I am using state space models for time series modeling using the following model
where i corresponds to ith sample at time t, g and f are non-linear models and \sigma is part of parameters to be estimated along with f and g. y^i(t) is a scaler observed value and for each i and t, there corresponds a feature vector z^i(t). The goal is to estimate g, f and \sigma. Note that for each time point t there are 400k samples, and there are total 100 time points.
For modeling state space I am using scan function
x0_ar = pm.Normal("xo_ar", 0, sigma=1, initval = init_ar, shape=(latent_factors), rng=rng)
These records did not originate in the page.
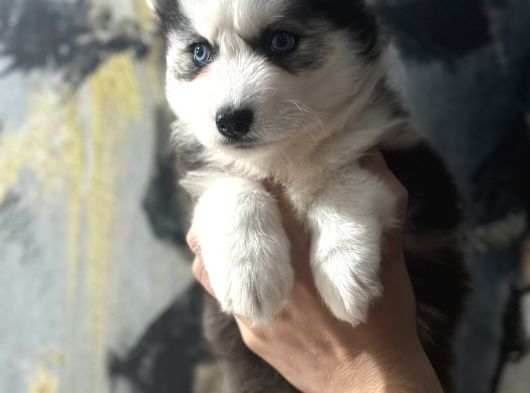 Masmavi Gözlerle Husky Bebekler görsel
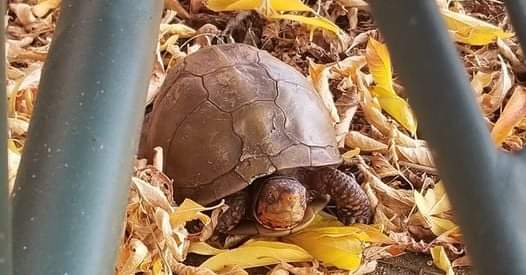 A small turtle is sitting on top of a pile of leaves.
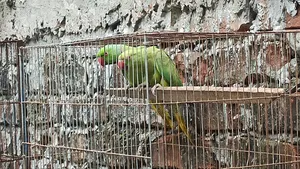 Indian Ringneck Parakeet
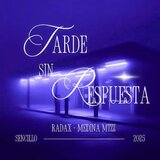 Tarde Sin Respuesta (feat. Medina MtZz)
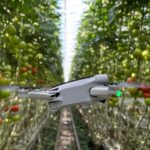Polinizadores artificiales, ¿la solución para una agricultura segura y rentable?
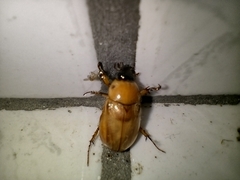Cyclocephala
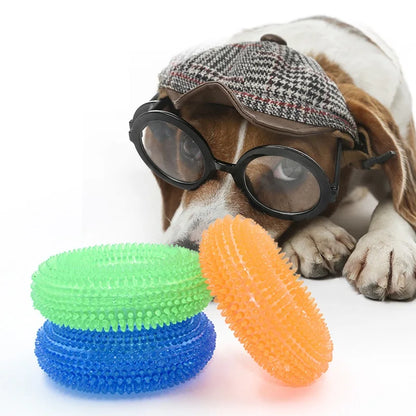 Squeaky Pet Dog Interactive Chew Toy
sigmas_Q_ar = pm.InverseGamma('sigmas_Q_ar', alpha=3,beta=0.5, shape= (latent_factors), rng=rng)
Q_ar = pt.diag(sigmas_Q_ar)
def step_simple(x, A, Q, bais_latent):
innov = pm.MvNormal.dist(mu=0.0, tau=Q)
next_x = g(x) + innov
return next_x, collect_default_updates( [next_x])
ar_states_pt, ar_updates = pytensor.scan(step_simple,
outputs_info=[x0_ar],
non_sequences=[A_ar, Q_ar, bais_latent],
n_steps=T,
strict=True)
assert(ar_updates)
model_minibatch.register_rv(ar_states_pt, name='ar_states_pt', initval=pt.zeros((T, latent_factors)))
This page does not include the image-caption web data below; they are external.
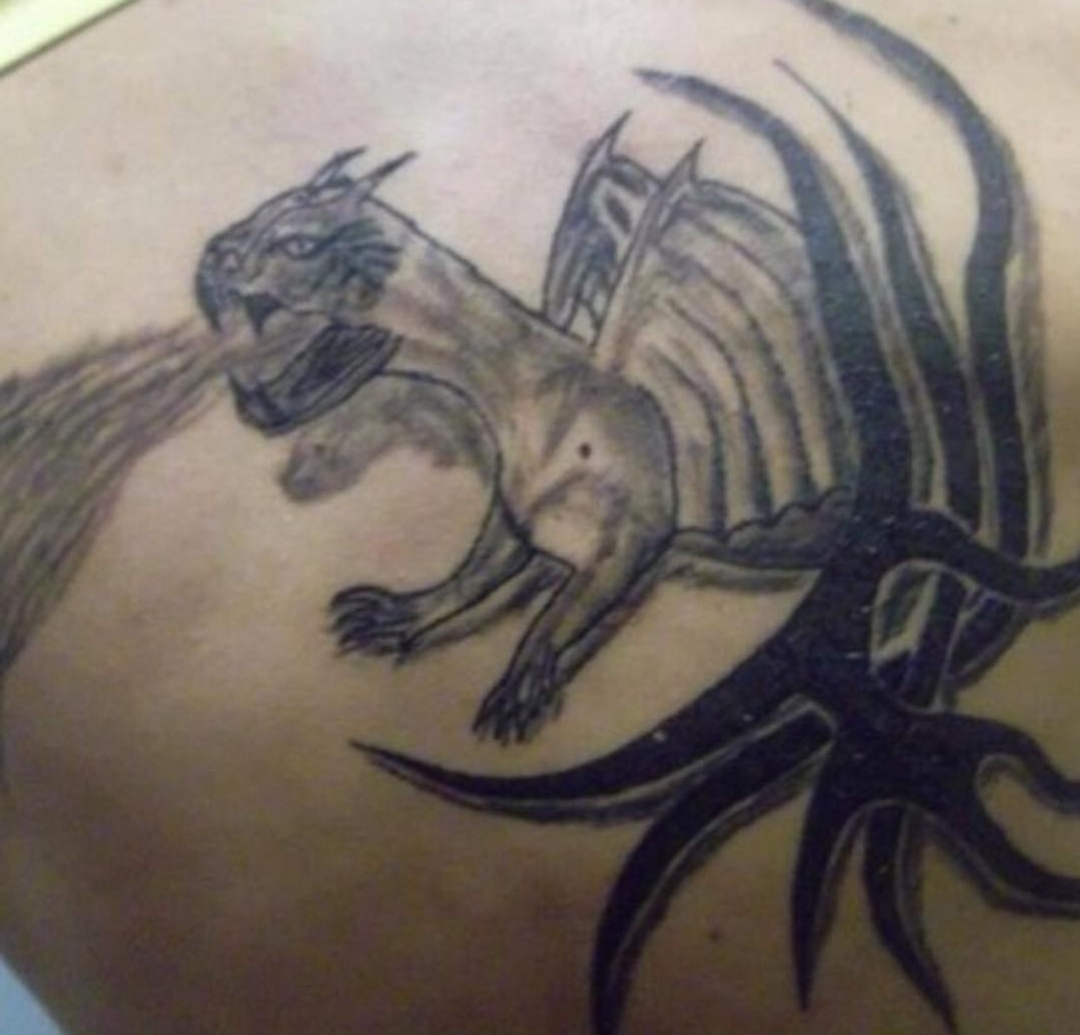 【西瓜集结号】莱比锡红牛主场大胜?【hth官网入口】(图2) hth官网入口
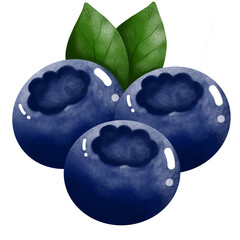 Watercolor blueberries and green leaves clipart. Hand drawn summer fruit illustration isolated on transparent background.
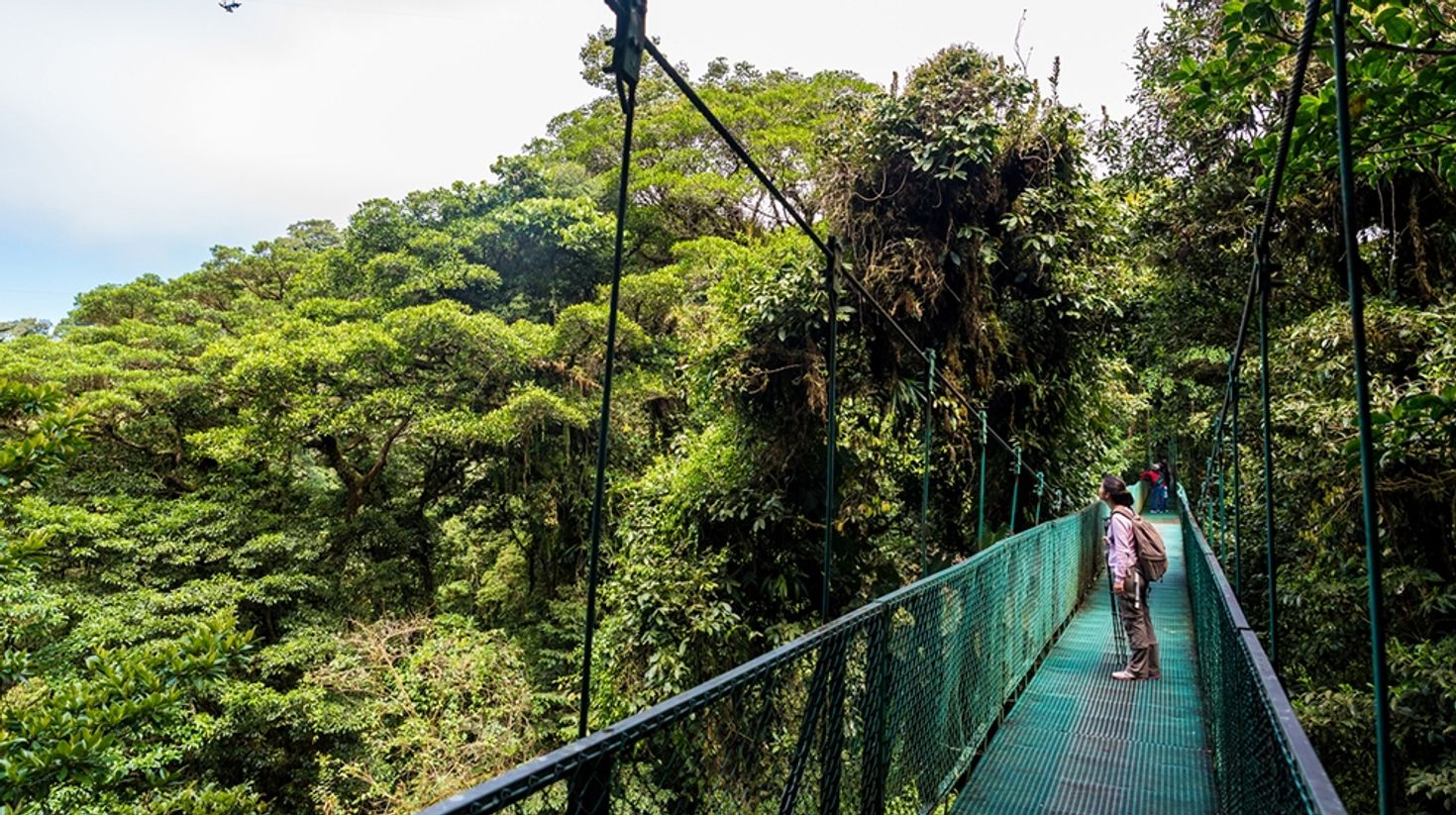 A hanging bridge in Monteverde National Park in Costa Rica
ar_states = pm.Deterministic("ar", pt.concatenate([x0_ar.reshape((1,latent_factors)), ar_states_pt], axis=0))
obs = pm.Poisson('obs', f(ar_states,z), observed=data_out, total_size=424560)
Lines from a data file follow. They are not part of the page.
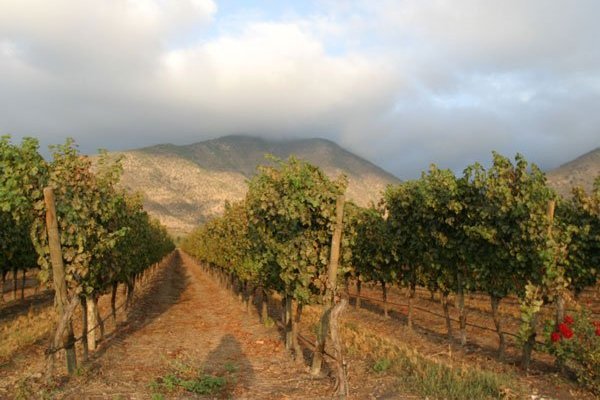Viña Santa Rita alcanzó avance de 70% en proyecto de plantación de 1.500 hectáreas al 2020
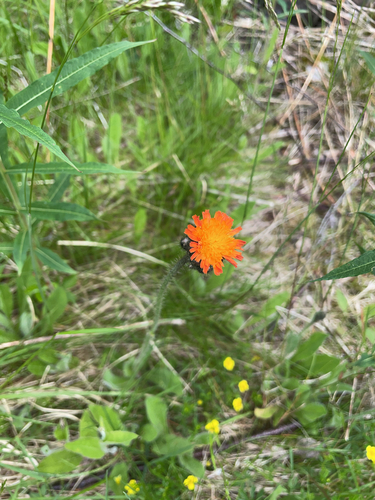 orange hawkweed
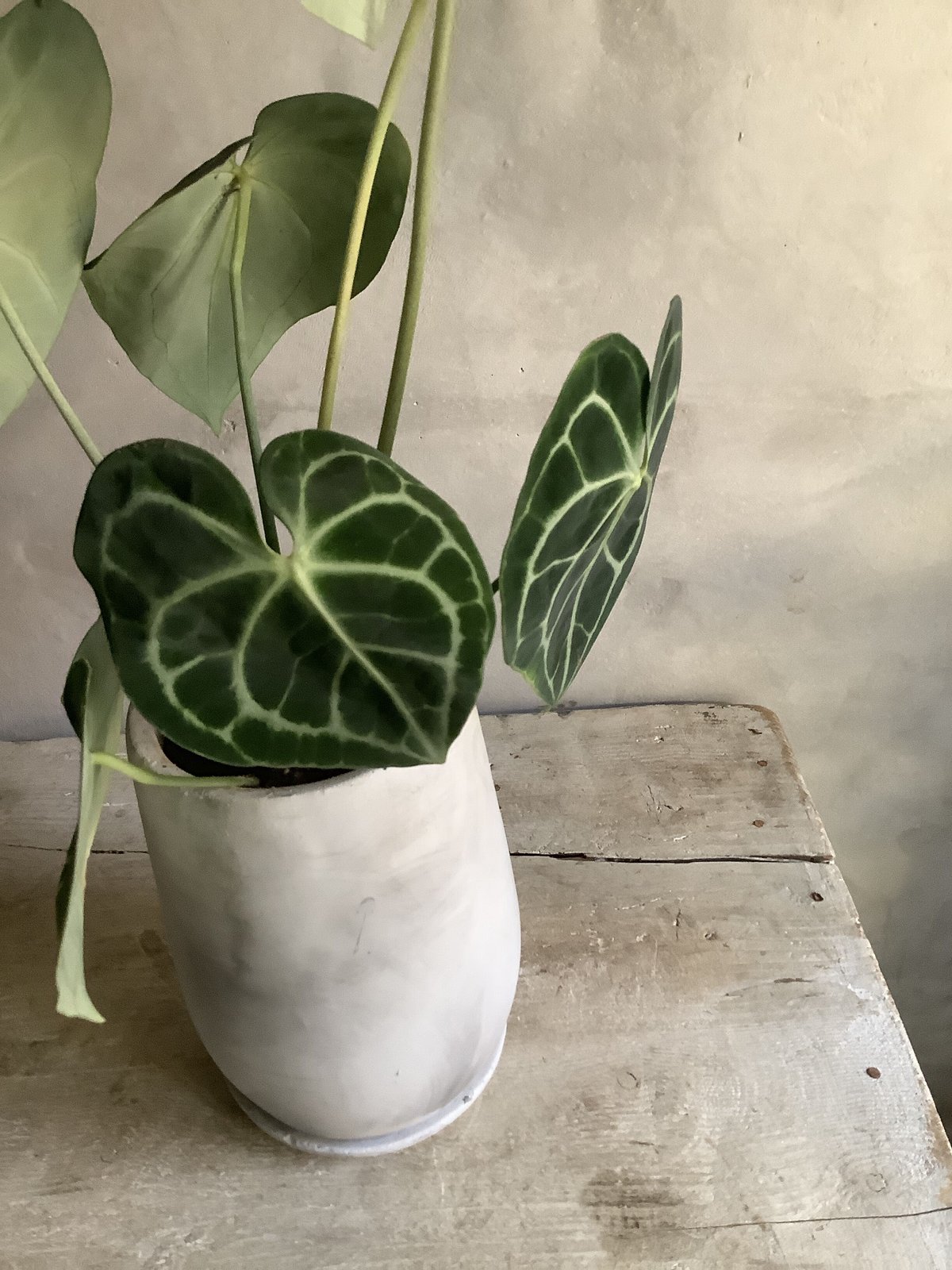 アンスリウム クラリネルビウム　特大　良株　8号　アンスリューム アンスリウム クラリネルビウム 特大 良株 8号 アンスリューム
ar_states goes as input to f function. When I run the inference using ADVI, the estimates of ar_states do not follow the state space dynamics and they just fit the training data in whatever way. The reason being that ar_states should maximize the two likelihoods, one is for the observed data and on is for the state space dynamics. Due to large number of samples (>400k), likelihood for observed data just dominates the state space dynamics. Is there a way to extract conditional log probability of states and weigh them such that optimizer equally maximize the two log probabilities?